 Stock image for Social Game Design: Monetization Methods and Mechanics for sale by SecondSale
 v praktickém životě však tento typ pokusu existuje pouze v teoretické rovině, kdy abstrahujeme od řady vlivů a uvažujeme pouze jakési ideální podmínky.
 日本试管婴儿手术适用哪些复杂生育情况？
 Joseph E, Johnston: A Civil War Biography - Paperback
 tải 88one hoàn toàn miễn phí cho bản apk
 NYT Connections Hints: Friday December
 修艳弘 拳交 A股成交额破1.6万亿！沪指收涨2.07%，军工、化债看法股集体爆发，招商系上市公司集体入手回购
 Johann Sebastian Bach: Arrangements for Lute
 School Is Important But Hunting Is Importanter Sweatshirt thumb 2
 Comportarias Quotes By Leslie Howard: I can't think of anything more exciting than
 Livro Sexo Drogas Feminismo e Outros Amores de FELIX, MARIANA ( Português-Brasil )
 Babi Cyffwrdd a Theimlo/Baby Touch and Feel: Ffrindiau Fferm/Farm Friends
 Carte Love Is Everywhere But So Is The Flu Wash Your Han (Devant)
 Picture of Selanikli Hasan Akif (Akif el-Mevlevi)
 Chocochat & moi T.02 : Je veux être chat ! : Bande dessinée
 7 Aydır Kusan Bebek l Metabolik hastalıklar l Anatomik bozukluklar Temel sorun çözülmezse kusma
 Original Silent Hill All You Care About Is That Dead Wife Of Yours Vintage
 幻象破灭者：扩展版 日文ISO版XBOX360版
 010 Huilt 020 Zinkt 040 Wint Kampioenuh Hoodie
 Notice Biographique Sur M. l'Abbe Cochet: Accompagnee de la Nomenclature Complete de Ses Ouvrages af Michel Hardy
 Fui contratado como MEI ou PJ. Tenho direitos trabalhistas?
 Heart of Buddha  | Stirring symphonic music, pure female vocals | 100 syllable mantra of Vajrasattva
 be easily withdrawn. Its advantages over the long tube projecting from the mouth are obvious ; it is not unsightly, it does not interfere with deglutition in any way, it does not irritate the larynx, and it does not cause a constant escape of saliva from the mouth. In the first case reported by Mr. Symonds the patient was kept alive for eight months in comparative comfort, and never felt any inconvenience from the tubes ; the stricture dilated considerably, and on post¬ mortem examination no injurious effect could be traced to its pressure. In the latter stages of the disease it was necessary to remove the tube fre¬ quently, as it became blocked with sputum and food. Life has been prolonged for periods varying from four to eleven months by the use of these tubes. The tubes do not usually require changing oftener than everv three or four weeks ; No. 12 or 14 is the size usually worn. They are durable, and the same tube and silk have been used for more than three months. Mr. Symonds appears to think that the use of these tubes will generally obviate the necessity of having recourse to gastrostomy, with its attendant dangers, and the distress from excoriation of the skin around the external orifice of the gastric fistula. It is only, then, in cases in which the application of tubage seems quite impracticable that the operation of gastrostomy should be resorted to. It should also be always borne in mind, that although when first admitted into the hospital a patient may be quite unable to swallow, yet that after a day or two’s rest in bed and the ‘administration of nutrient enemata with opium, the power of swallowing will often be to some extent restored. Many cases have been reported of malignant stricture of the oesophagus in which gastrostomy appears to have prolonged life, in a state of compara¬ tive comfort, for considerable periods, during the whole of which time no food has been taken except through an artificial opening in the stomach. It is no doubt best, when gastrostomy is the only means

**Exercise requirements**
The entries above are to be retyped exactly.

**Written response**
 Stock image for Social Game Design: Monetization Methods and Mechanics for sale by SecondSale
 v praktickém životě však tento typ pokusu existuje pouze v teoretické rovině, kdy abstrahujeme od řady vlivů a uvažujeme pouze jakési ideální podmínky.
 日本试管婴儿手术适用哪些复杂生育情况？
 Joseph E, Johnston: A Civil War Biography - Paperback
 tải 88one hoàn toàn miễn phí cho bản apk
 NYT Connections Hints: Friday December
 修艳弘 拳交 A股成交额破1.6万亿！沪指收涨2.07%，军工、化债看法股集体爆发，招商系上市公司集体入手回购
 Johann Sebastian Bach: Arrangements for Lute
 School Is Important But Hunting Is Importanter Sweatshirt thumb 2
 Comportarias Quotes By Leslie Howard: I can't think of anything more exciting than
 Livro Sexo Drogas Feminismo e Outros Amores de FELIX, MARIANA ( Português-Brasil )
 Babi Cyffwrdd a Theimlo/Baby Touch and Feel: Ffrindiau Fferm/Farm Friends
 Carte Love Is Everywhere But So Is The Flu Wash Your Han (Devant)
 Picture of Selanikli Hasan Akif (Akif el-Mevlevi)
 Chocochat & moi T.02 : Je veux être chat ! : Bande dessinée
 7 Aydır Kusan Bebek l Metabolik hastalıklar l Anatomik bozukluklar Temel sorun çözülmezse kusma
 Original Silent Hill All You Care About Is That Dead Wife Of Yours Vintage
 幻象破灭者：扩展版 日文ISO版XBOX360版
 010 Huilt 020 Zinkt 040 Wint Kampioenuh Hoodie
 Notice Biographique Sur M. l'Abbe Cochet: Accompagnee de la Nomenclature Complete de Ses Ouvrages af Michel Hardy
 Fui contratado como MEI ou PJ. Tenho direitos trabalhistas?
 Heart of Buddha  | Stirring symphonic music, pure female vocals | 100 syllable mantra of Vajrasattva
 be easily withdrawn. Its advantages over the long tube projecting from the mouth are obvious ; it is not unsightly, it does not interfere with deglutition in any way, it does not irritate the larynx, and it does not cause a constant escape of saliva from the mouth. In the first case reported by Mr. Symonds the patient was kept alive for eight months in comparative comfort, and never felt any inconvenience from the tubes ; the stricture dilated considerably, and on post¬ mortem examination no injurious effect could be traced to its pressure. In the latter stages of the disease it was necessary to remove the tube fre¬ quently, as it became blocked with sputum and food. Life has been prolonged for periods varying from four to eleven months by the use of these tubes. The tubes do not usually require changing oftener than everv three or four weeks ; No. 12 or 14 is the size usually worn. They are durable, and the same tube and silk have been used for more than three months. Mr. Symonds appears to think that the use of these tubes will generally obviate the necessity of having recourse to gastrostomy, with its attendant dangers, and the distress from excoriation of the skin around the external orifice of the gastric fistula. It is only, then, in cases in which the application of tubage seems quite impracticable that the operation of gastrostomy should be resorted to. It should also be always borne in mind, that although when first admitted into the hospital a patient may be quite unable to swallow, yet that after a day or two’s rest in bed and the ‘administration of nutrient enemata with opium, the power of swallowing will often be to some extent restored. Many cases have been reported of malignant stricture of the oesophagus in which gastrostomy appears to have prolonged life, in a state of compara¬ tive comfort, for considerable periods, during the whole of which time no food has been taken except through an artificial opening in the stomach. It is no doubt best, when gastrostomy is the only means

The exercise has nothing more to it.